**Task to carry out**. Skip pictures in the listing below; copy exactly the lines from the one with "This sold out" through the one with "Electric Aura. Take", inclusive.

**Record extracts**.

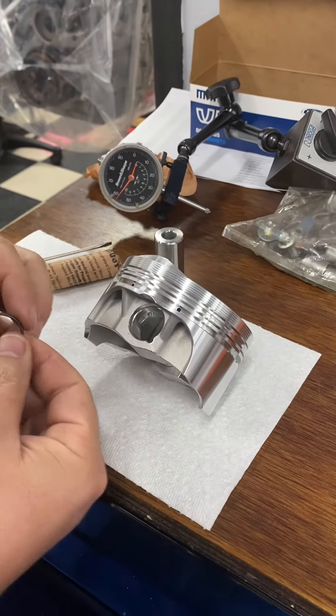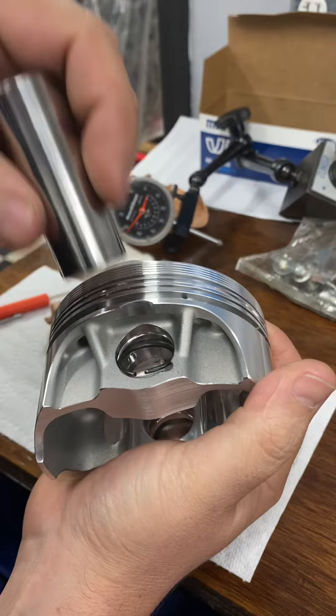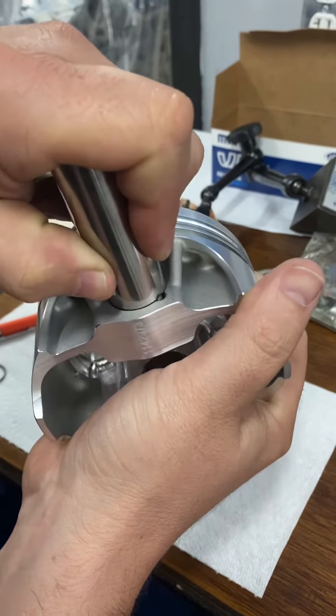Alright, here's how I do it — very similar to Cameron. Put the opening up, use my finger, I just kind of force it in the bore a little bit. Then rotate it down. I use a pin instead of a screwdriver and kind of get that in the bore, push it in a little more, until I hear it click in the groove. So right now just the opening part is clicked in the groove.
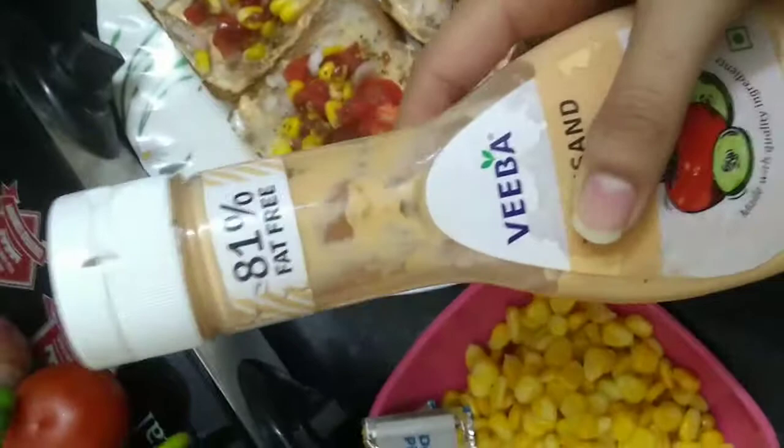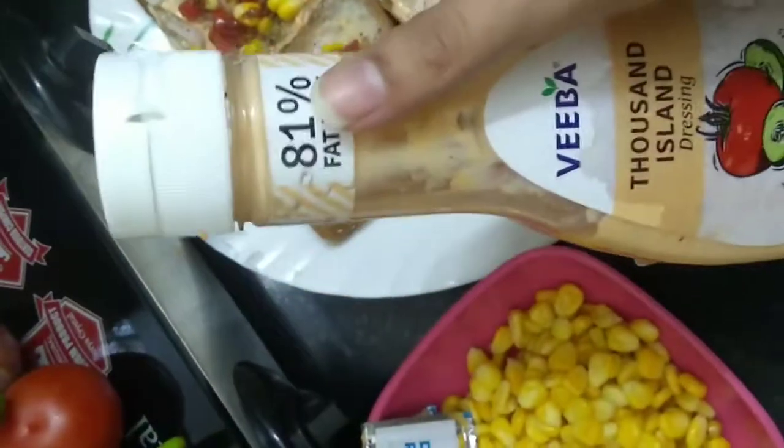Hey everyone, so I'm making these sandwiches right now. For this, we have three ingredients: multi-grain bread and Thousand Island sauce. This is 81% fat free and you can get it at any stores nearby.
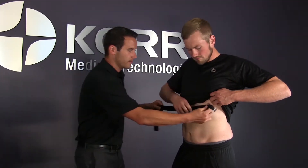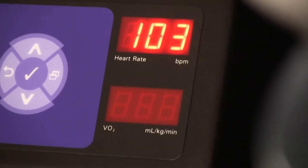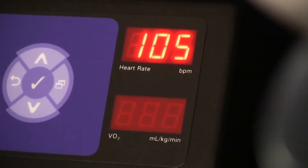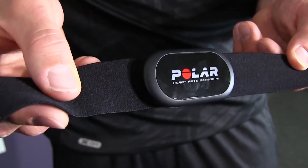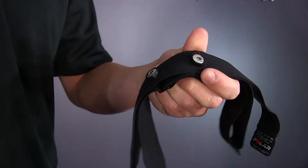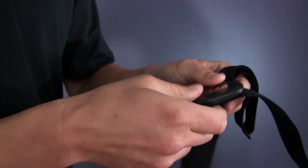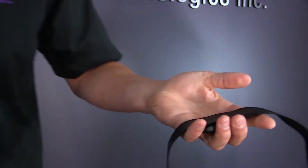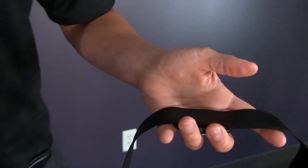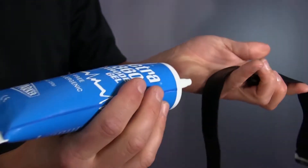Now we are ready to start testing. For a graded exercise test, we'll start by fitting the client with a properly fitted heart rate strap and heart rate pickup. This is important because an accurate measurement of the heart rate will lead to better results. Note that CardioCoach uses Polar technology. Locate the heart rate chest strap and attach the Polar heart rate transmitter to the elastic strap — you will hear the sensor snap into place.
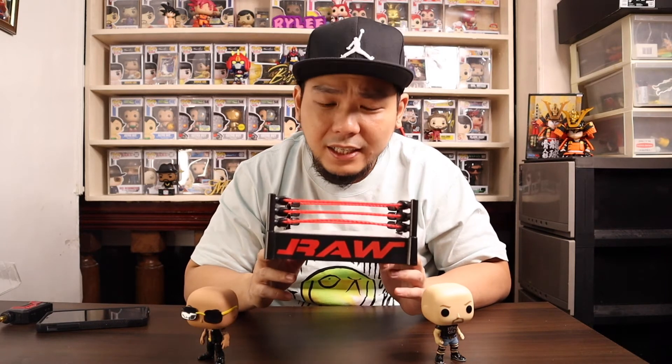This sold out pretty quick, so hopefully you guys pre-ordered it. If you didn't and you're a huge WWE fan, you're missing out on one of the best Funko Pops ever made.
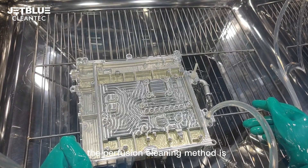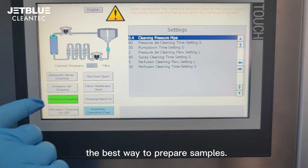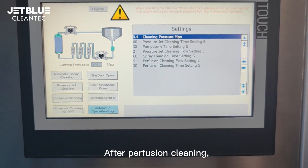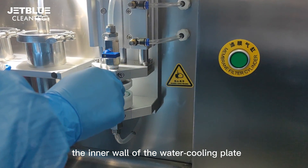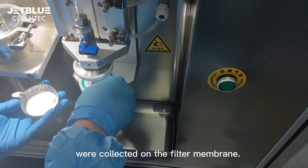The perfusion cleaning method is the best way to prepare samples. After perfusion cleaning, the tiny particles remaining on the inner wall of the water cooling plate are collected on the filter membrane.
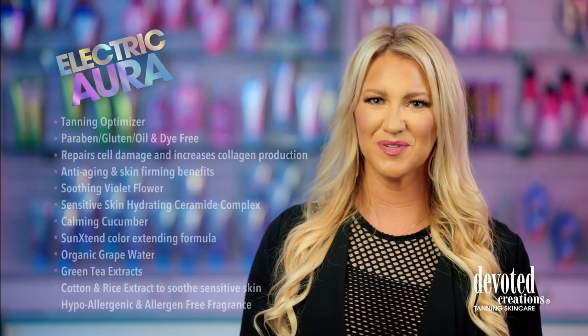Electric Aura. Take the whimsical ride to the land of dreamy darkness with Electric Aura.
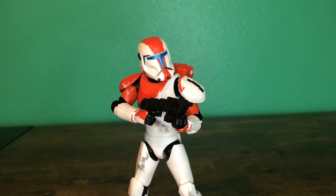Despite the inaccuracies that people tell me he has, it's just a really cool figure. If you ever played the game Republic Commando, you will definitely want to pick this up. This has been Lego Man 2005 signing off. Bye guys, and happy May the 4th.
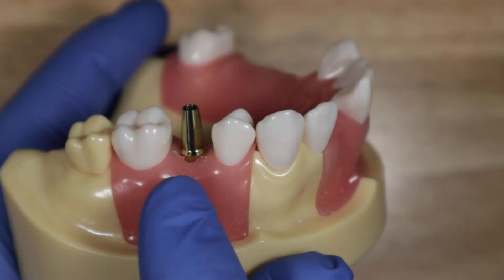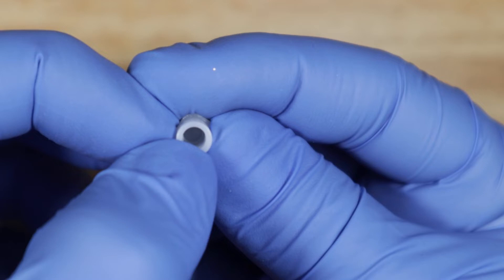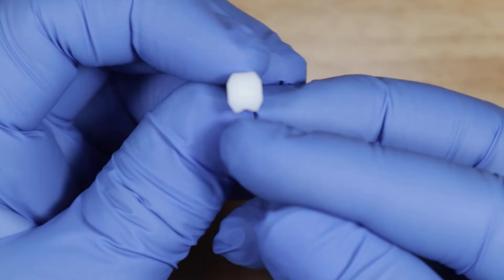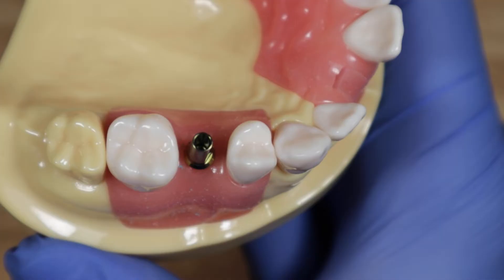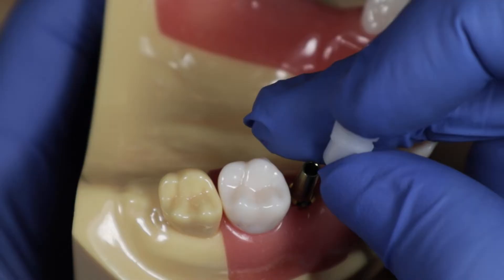Once you're sure this is 100% seated correctly, take the little white cap. Notice it has a flat end on the internal surface, and then it's round. Flip it around — there's a little notch that corresponds to where the flat end is. Take a close look at your impression coping to see where the flat end is. Here it's not straight mesial; it's more mesial-buccal, pointing out this way.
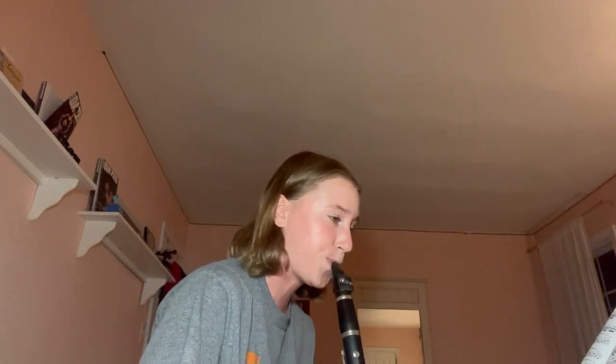I will now demonstrate playing an excerpt from Star Wars. Thank you.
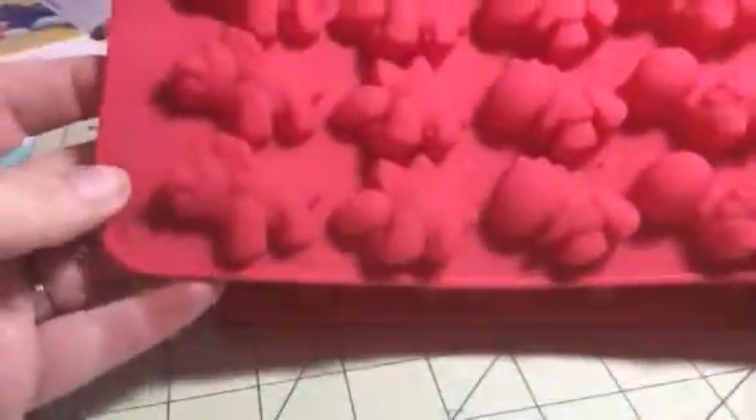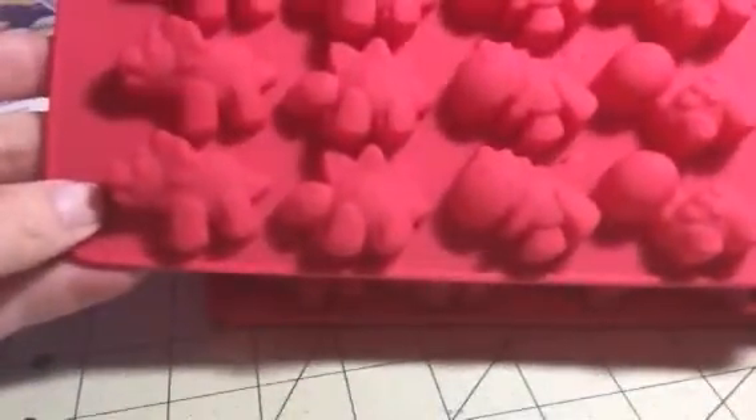So these are dinosaur molds. Each one has 12 different little dinosaurs on them. As you can see they have four different kinds: Tyrannosaurus, Stegosaurus, Triceratops, and maybe Brontosaurus or something. I'm not that big on my dinosaur names.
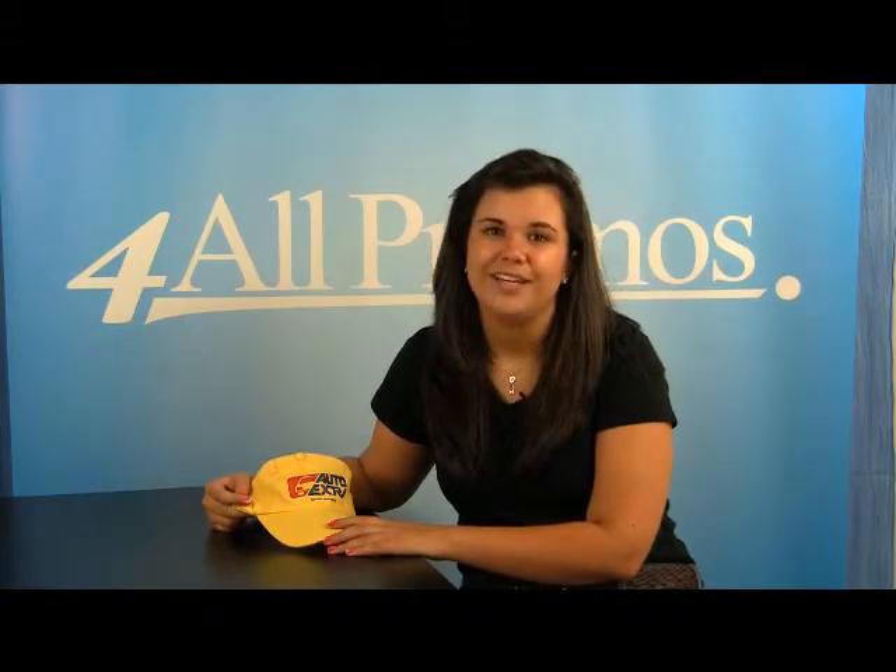Please remember that we welcome your phone call if you have any questions or want to talk to a live person. We make it easy to work with us. And don't forget you can get a free sample and free artwork as well. Just give us a call. We hope to hear from you soon.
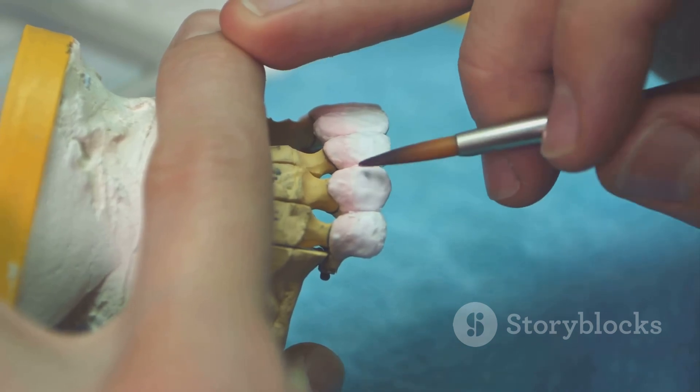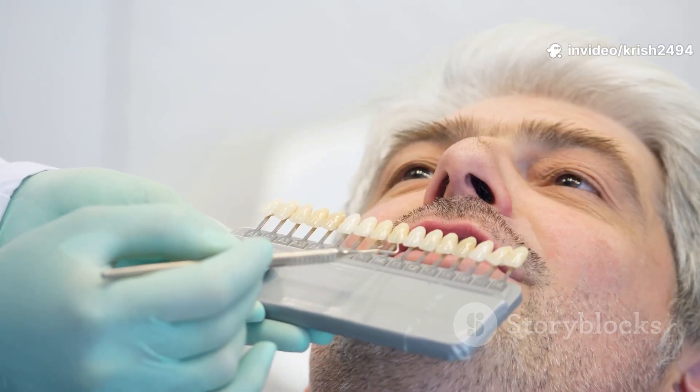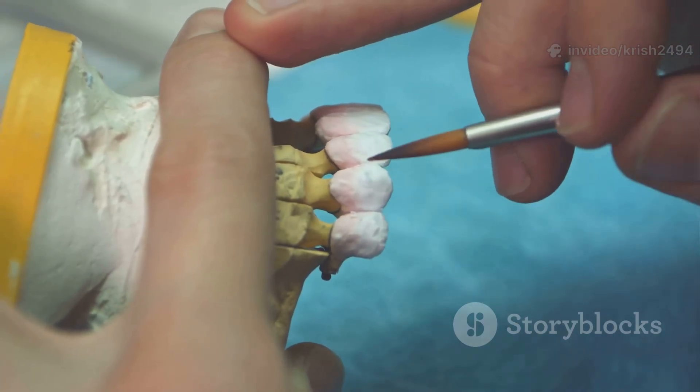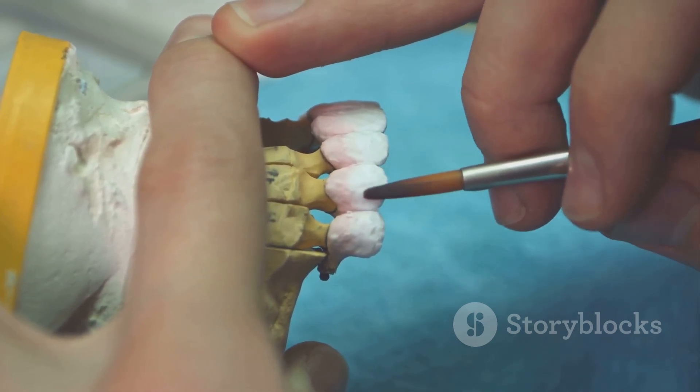Now for the fun part — teeth selection and arrangement. The dentist picks the size, shape, and color of your denture teeth, matching your age, face, and even your personality. The lab sets these teeth in wax, following a specific bite pattern, to create a wax trial denture.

**Answer below**.
This sold out pretty quick, so hopefully you guys pre-ordered it. If you didn't and you're a huge WWE fan, you're missing out on one of the best Funko Pops ever made.
The perfusion cleaning method is the best way to prepare samples. After perfusion cleaning, the tiny particles remaining on the inner wall of the water cooling plate are collected on the filter membrane.
Electric Aura. Take the whimsical ride to the land of dreamy darkness with Electric Aura.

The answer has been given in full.